#### WHAT YOU NEED TO DO
In the entries below, how many lines hold the string "photo"? Answer with the number only.
━━━━━ MATERIAL FOR THIS TASK ━━━━━
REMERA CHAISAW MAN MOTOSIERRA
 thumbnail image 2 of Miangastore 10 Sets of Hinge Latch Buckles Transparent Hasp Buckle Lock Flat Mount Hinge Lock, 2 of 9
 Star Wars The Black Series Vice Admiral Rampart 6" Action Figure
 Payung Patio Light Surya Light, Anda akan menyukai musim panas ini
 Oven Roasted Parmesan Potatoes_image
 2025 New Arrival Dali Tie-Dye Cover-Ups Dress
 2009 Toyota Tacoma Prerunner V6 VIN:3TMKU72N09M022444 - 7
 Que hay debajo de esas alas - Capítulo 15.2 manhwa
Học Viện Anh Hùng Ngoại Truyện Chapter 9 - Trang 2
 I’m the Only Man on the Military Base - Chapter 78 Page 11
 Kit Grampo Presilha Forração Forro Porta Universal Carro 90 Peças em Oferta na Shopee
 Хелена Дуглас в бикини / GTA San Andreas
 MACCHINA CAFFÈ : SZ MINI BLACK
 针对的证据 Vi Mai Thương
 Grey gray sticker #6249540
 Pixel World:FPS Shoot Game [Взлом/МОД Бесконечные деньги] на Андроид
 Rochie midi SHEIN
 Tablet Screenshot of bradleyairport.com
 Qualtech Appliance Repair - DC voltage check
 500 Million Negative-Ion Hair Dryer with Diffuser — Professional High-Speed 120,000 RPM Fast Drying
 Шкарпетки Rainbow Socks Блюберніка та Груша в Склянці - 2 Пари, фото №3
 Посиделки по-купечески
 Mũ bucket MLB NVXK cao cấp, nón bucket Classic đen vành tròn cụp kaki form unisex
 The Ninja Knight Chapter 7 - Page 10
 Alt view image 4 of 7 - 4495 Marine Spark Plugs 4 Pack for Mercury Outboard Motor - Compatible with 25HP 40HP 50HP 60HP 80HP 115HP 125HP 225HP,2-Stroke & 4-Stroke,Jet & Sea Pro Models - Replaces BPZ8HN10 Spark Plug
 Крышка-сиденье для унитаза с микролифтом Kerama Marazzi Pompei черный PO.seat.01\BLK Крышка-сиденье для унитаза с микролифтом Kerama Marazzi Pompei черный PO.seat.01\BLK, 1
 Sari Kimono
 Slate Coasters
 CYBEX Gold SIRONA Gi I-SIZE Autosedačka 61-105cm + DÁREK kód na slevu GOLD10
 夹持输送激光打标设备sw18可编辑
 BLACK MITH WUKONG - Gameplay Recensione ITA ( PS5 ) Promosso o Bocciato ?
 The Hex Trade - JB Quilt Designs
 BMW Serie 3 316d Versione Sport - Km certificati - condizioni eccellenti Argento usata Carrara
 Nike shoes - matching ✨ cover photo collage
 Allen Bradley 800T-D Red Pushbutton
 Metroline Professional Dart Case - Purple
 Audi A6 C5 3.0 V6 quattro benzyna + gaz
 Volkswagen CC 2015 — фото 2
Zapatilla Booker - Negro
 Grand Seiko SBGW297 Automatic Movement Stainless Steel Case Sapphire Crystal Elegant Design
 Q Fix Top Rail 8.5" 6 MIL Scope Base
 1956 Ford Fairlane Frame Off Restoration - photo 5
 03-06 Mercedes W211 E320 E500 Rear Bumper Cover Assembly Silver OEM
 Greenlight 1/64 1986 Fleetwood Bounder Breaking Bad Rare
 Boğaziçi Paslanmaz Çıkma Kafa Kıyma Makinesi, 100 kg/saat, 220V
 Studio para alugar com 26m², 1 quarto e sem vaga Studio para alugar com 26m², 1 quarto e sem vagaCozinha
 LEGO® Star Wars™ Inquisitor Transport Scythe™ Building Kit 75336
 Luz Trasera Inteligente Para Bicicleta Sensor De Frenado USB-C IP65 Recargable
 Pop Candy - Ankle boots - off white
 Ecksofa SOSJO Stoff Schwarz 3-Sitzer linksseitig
━━━━━
#### SOLUTION FOR THIS EXERCISE
2